*** Begin section ***

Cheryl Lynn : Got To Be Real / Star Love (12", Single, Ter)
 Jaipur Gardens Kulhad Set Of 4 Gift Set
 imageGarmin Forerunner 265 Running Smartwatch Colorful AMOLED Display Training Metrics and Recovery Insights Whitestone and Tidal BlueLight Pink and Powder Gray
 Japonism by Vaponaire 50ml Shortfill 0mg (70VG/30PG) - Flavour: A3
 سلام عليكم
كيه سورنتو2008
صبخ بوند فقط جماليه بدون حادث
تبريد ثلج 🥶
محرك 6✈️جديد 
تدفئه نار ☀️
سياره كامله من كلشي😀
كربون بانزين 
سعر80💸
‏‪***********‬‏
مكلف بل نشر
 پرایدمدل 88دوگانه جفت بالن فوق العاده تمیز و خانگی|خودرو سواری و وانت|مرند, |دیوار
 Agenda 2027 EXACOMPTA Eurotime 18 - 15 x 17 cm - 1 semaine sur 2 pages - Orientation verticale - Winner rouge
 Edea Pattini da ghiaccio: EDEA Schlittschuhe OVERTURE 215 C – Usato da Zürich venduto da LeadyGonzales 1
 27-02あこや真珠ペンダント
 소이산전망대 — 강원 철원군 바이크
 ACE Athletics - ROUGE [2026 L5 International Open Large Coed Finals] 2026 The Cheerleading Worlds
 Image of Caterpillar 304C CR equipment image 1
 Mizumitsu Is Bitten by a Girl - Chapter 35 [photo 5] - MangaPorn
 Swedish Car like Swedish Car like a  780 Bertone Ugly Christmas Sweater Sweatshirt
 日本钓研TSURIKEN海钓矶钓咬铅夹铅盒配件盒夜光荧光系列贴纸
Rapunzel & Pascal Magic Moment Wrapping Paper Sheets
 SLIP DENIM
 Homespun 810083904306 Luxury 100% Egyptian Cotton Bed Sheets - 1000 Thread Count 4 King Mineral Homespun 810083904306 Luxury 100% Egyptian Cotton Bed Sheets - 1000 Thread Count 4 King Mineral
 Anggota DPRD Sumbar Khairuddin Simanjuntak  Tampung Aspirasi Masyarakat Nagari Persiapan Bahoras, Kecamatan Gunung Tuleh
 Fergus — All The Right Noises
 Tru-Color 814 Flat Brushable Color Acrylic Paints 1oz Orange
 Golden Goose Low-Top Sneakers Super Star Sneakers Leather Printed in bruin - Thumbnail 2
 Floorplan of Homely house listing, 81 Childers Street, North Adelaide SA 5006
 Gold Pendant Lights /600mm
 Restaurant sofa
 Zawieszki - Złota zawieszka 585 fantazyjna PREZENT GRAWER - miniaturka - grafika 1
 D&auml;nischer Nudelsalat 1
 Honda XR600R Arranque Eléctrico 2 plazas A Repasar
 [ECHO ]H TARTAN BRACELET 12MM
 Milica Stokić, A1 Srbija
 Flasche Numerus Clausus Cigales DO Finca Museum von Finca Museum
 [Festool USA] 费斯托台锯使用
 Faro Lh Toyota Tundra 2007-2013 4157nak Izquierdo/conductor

*** End section ***

(ASSIGNMENT) An exact printout is needed of the lines from the one containing "[ECHO ]H TARTAN BRACELET 12MM" through the end of the listing above, both of those lines included, and nothing else.

(ANSWER)
 [ECHO ]H TARTAN BRACELET 12MM
 Milica Stokić, A1 Srbija
 Flasche Numerus Clausus Cigales DO Finca Museum von Finca Museum
 [Festool USA] 费斯托台锯使用
 Faro Lh Toyota Tundra 2007-2013 4157nak Izquierdo/conductor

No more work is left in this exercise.